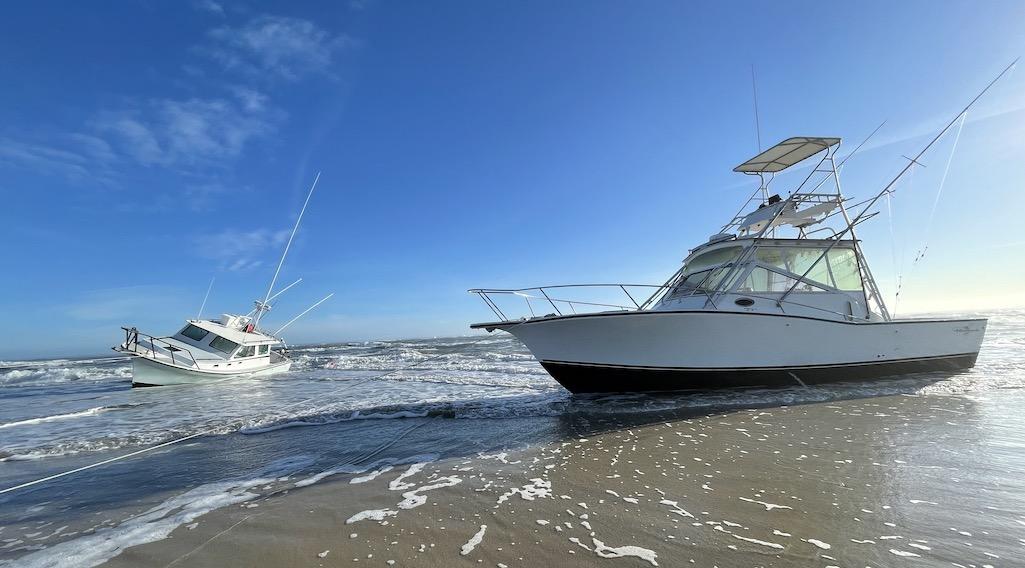 Pictured, from left, Reel Lucky and Bite Me sit grounded on the beach near Oregon Inlet on Feb. 3, 2022. NPS photo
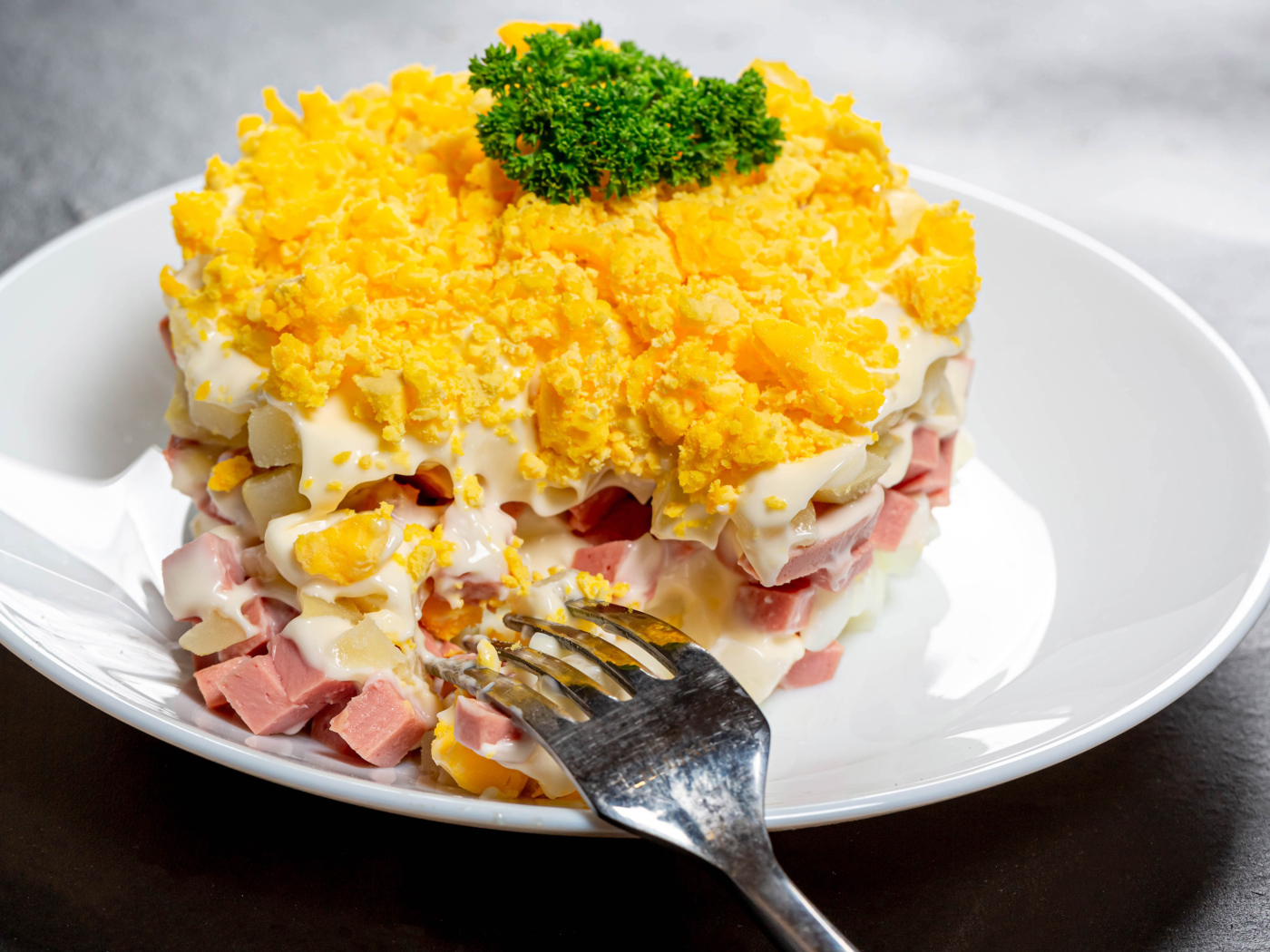 Вкусный салат на белой тарелке с вилкой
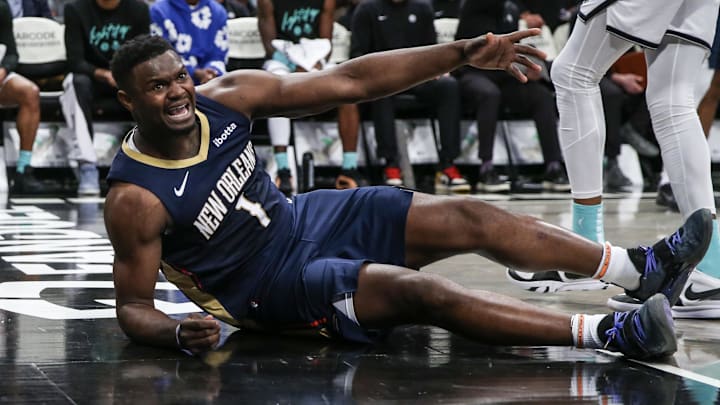 New Orleans Pelicans forward Zion Williamson (1) reacts after getting knocked to the floor in the second quarter against the Brooklyn Nets at Barclays Center. Mandatory Credit: Wendell Cruz-Imagn Images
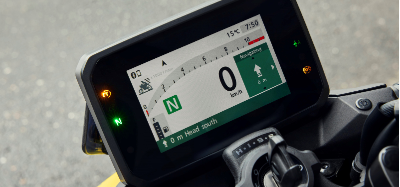 Motorcycle digital dashboard showing speed at 0 km/h and navigation instructions.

================

§ **Task prompt**: Keep pictures out and return the lines from the one containing "New Orleans Pelicans" through the end of the listing, both included, character for character.

§ **Response box**:
 New Orleans Pelicans forward Zion Williamson (1) reacts after getting knocked to the floor in the second quarter against the Brooklyn Nets at Barclays Center. Mandatory Credit: Wendell Cruz-Imagn Images
 Motorcycle digital dashboard showing speed at 0 km/h and navigation instructions.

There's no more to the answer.